Judge Sara Welch Tuesday granted the defense motion to acquit Catrina Engle on the charge of interfering with a police officer. The six-member jury is still hearing evidence and will be asked to decide the charge of disorderly conduct.
Engle was convicted in August on both charges by Mission Judge Keith Drill. The charges stemmed from an incident at the Mission Post Office on Broadmoor last March when postal workers called police saying Engle had been in the outer lobby yelling profanities.
When police arrived, Engle was near her van outside the post office with her two small children. She refused to provide identification to Mission officer Michelle Pierce who was first to arrive on the scene. As Pierce attempted to place her in handcuffs, Engle straightened her arm and she was taken to the ground and cuffed. Video from the dashboard camera of officer Tim Gift showed the takedown.
After Mission City Attorney David Martin rested his case Tuesday afternoon, the defense moved for acquittal on both charges, contending the city had not provided sufficient evidence. The judge said that the interference with an officer charge requires “substantial” obstruction with the officer’s duty.
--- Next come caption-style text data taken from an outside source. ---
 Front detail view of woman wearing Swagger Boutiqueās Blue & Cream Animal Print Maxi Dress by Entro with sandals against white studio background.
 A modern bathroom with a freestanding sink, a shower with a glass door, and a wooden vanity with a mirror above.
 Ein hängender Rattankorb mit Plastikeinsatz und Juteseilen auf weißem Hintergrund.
In this case, the judge said, the conduct “did hinder” the officer for a few seconds, but that does not make it “substantial.” The judge recounted officer Pierce testifying that the obstruction occurred when Engle allegedly resisted while being put in handcuffs. The takedown only took a few seconds and the entire contact to that point only an estimated 45 seconds, the judge said.
Since the officer’s duty was to investigate a 911 call, that was not sufficient interference, the judge ruled. The motion to dismiss and the judge’s rulings on both charges were heard without the jury in the room. The judge said sufficient evidence had been presented to continue with the disorderly conduct charge.
When defense attorney Joe Dioszeghy opened his case, he first called Engle’s husband David, who was still on the stand at the end of testimony Tuesday. Engle testified that his marriage was “shaky” on the day of the incident when he had told his wife to mail packages for him.
She arrived after the post office had closed and that led to the incident in the outer lobby. Engle testified he was “pissed off” when his wife told him she was not able to mail the packages. He said he called her a “stupid, lazy bitch” and a “f***ing bitch” on the phone.
“We were fighting. I was cursing her.” We were “yelling up a storm,” he said. His wife was cussing back, he said. The defense has implied in its earlier questioning and opening statement that the profanities the postal employees heard Engle use in the lobby were directed at her husband on the phone and not at the employees.
Several postal employees and Mission police officers have testified in the case.